For an investment adviser with its principal place of business in another state, the adviser need not post a surety bond or letter of credit, provided that it is registered in its home state and is in compliance with its home state’s bonding requirements.
Minimum Financial Requirements
Investment advisers registered in Minnesota are subject to one of several different net worth standards, depending on the nature of the adviser’s business. Investment advisers that have or will have custody of client funds or securities must maintain a net worth of at least $35,000. However, this net worth requirement does not apply if the investment adviser only has custody of client funds or securities by reason of direct fee deduction or advising pooled investment vehicles, provided the adviser complies with rules relating to the safeguarding of client assets and the manner and method of deductions from client funds.
Investment advisers that have discretionary authority, but not custody, over client funds or securities must maintain a net worth of at least $10,000. Investment advisers that have neither custody nor discretionary authority over client funds or securities, but that accept prepayment of more than $500 per client and six months or more in advance must maintain a positive net worth.

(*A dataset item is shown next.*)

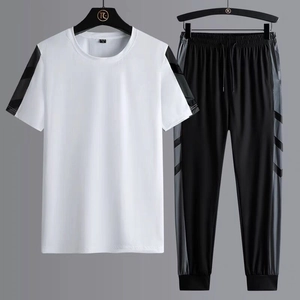 Men's white short sleeve sports set with quick-dry fabric and grey striped panels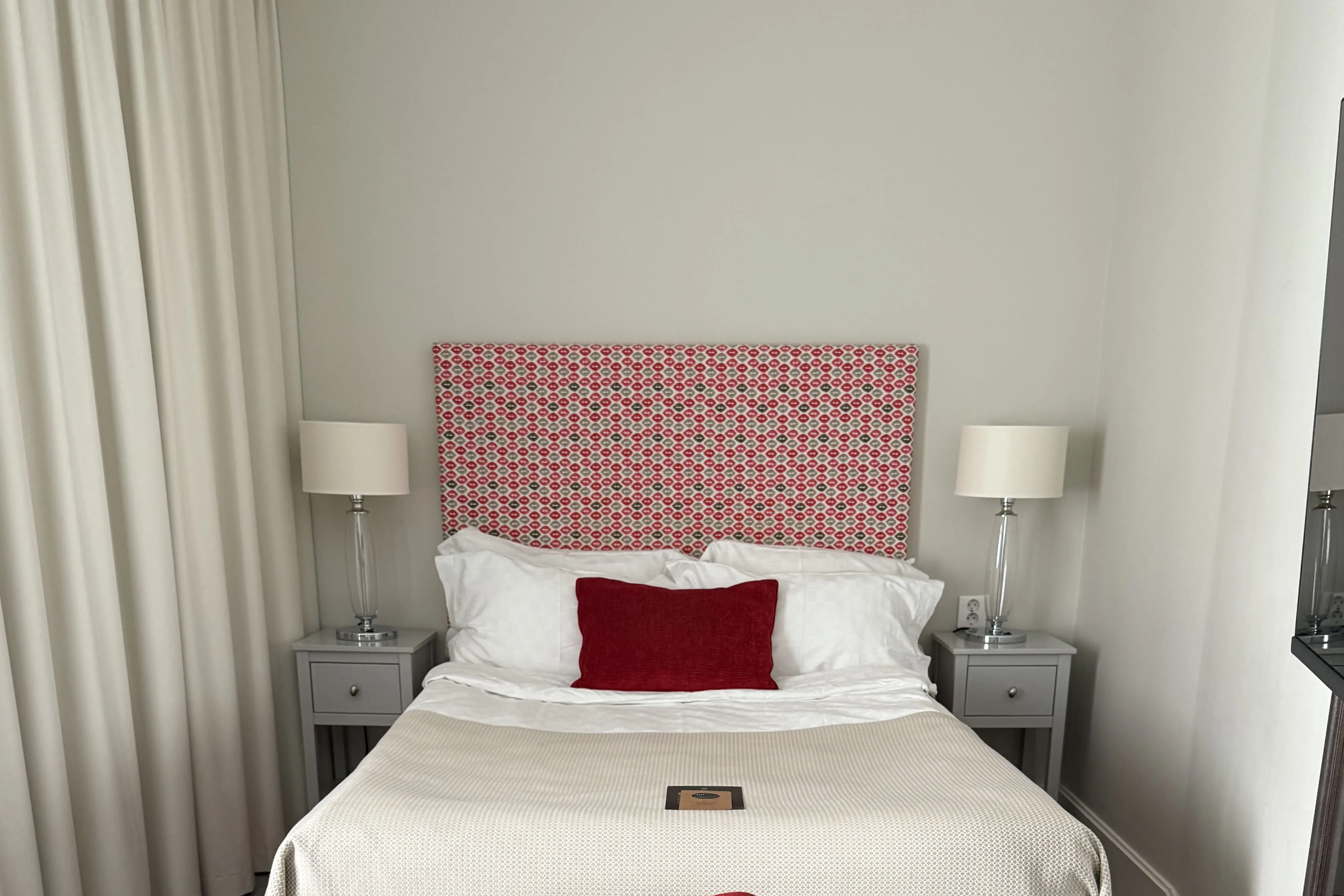 Hotel room with double bed, red headboard and desk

Note that “net worth” in this context has a specific definition that excludes the value of “all assets of intangible nature,” including intellectual property, as well as personal items that are not readily marketable, such as homes, home furnishings, and automobiles. The value of loans or advances to insiders such as stockholder, officers, or partners is also excluded from the definition of net worth.
In order to maintain its Minnesota licensure, an investment adviser must submit an application for annual renewal registration electronically with IARD, along with a $100 renewal fee and, if the adviser is subject to the surety bond requirement, a copy of the surety bond.